A porta se abriu e apareceu Dona Cotinha, secretária de Patinhas. Os três olharam esperançosos para ela, que porém se limitou a dizer:

— Entre, Senhor Onírio.

Ergueu-se um sujeitinho que aguardava silencioso numa poltrona, cabeça baixa e encoberta por chapelão, sobretudo e luvas de pelica. Tinham esquecido a sua presença.

O senhor Onírio dirigiu-se à porta de acesso e Donald, indignado, abordou a secretária:

— Afinal, Dona Cotinha, o meu tio não vai me receber?

— Este senhor estava na sua frente. Aguarde — respondeu ela, friamente.

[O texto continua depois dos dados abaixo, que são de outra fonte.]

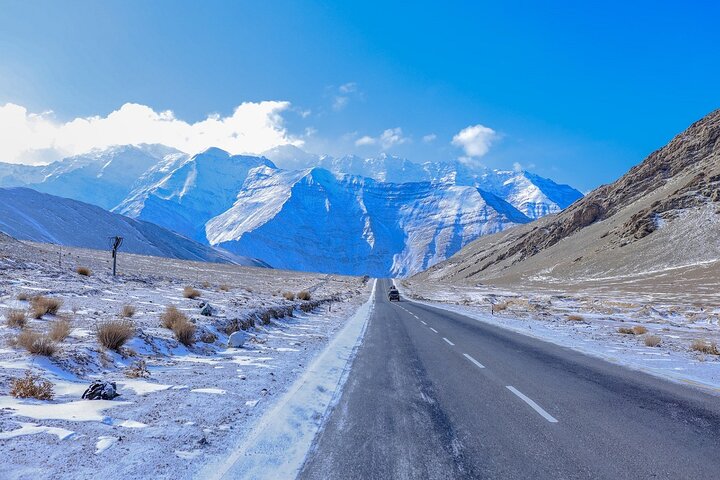 Overnight Pangong Tour From Leh With Thikse & Hemis Monasteries.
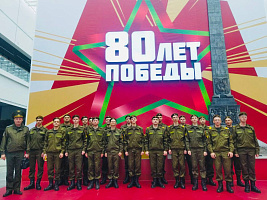 Военнослужащие 15 зрбр посетили выставку, посвященную 80-летию Победы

Mas como diz o ditado, quem espera sempre alcança. Antes que o Panchito apanhasse uma úlcera de tanto tomar café, Patinhas mandou que eles entrassem.

 

(FIM DA PRIMEIRA PARTE)

 

23/8/2013 A 26/6/2014

 

Nota: este texto é uma fanfic, ou ficção de fã, e se baseia no filme de Walt Disney "Os três cavaleiros", de 1944, onde pela primeira vez apareceu o trio reunido: o pato norte-americano Donald, o papagaio brasileiro Zé Carioca e o galo mexicano Panchito.